Sopralluogo e scoperta

Durante il sopralluogo, le forze dell’ordine hanno scoperto tubazioni in polietilene collegate abusivamente alla vasca borbonica. All’interno del terreno sono stati rinvenuti anche numerosi rifiuti agricoli derivanti da attività di taglio e sfalcio di aree limitrofe, senza alcuna autorizzazione per la gestione dei residui. Tutto il materiale e l’area interessata sono stati sottoposti a sequestro immediato, evidenziando una situazione di impatto ambientale oltre che culturale.

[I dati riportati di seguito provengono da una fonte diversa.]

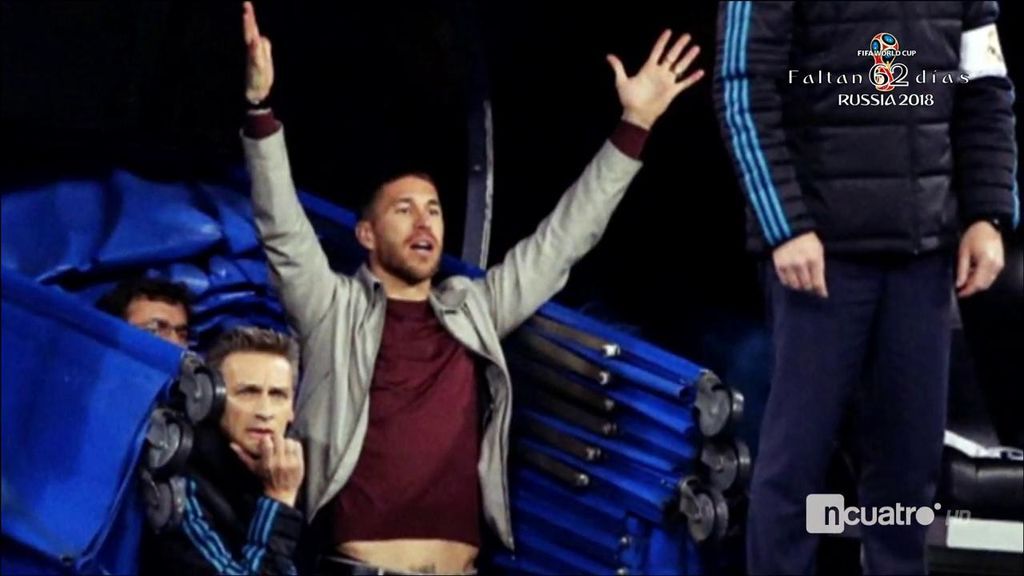 El motivo por el que la UEFA no sanciona a Ramos: nunca pisó el césped del Bernabéu El motivo por el que la UEFA no sanciona a Ramos: nunca pisó el césped del Bernabéu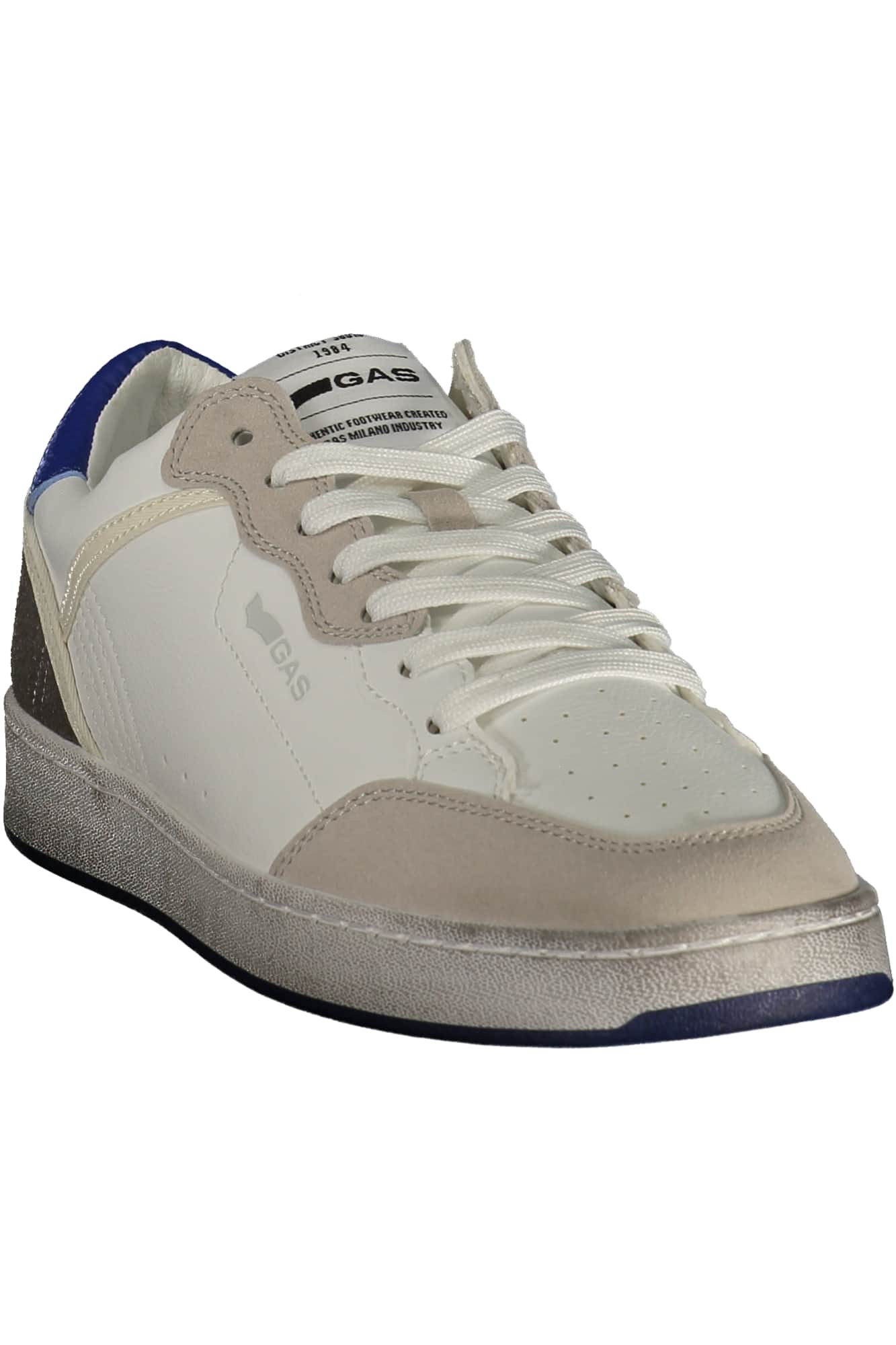 Gas heren wit sportschoenen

Le conseguenze per la reggia di caserta e il rischio idrico nel parco reale

La sottrazione fraudolenta dell’acqua sta aggravando i problemi di erogazione idrica che da tempo affliggono la reggia di Caserta. Le fontane e le vasche storiche, punto di forza della bellezza artistica e della funzionalità del complesso monumentale, mostrano segni di siccità soprattutto in estate. L’acquedotto carolino, sistema idraulico realizzato nel XVIII secolo, ha il compito di alimentare le decorazioni d’acqua nei giardini borbonici, e il suo danneggiamento mette a repentaglio il patrimonio artistico e l’ecosistema circostante.

Impatti ambientali e culturali

La presenza di prelievi abusivi nel sistema idraulico rischia inoltre di compromettere gli equilibri ambientali del parco reale, influenzando la biodiversità locale. Senza un intervento rapido, il rischio di secchezza prolungata potrebbe danneggiare irreparabilmente piante, fauna e assetto idrico che fanno parte del contesto storico-culturale tutelato. La vicenda richiama la necessità di vigilanza e tutela stringente sulle risorse nei siti Unesco, soprattutto se legate a sistemi complessi di gestione come l’acquedotto carolino.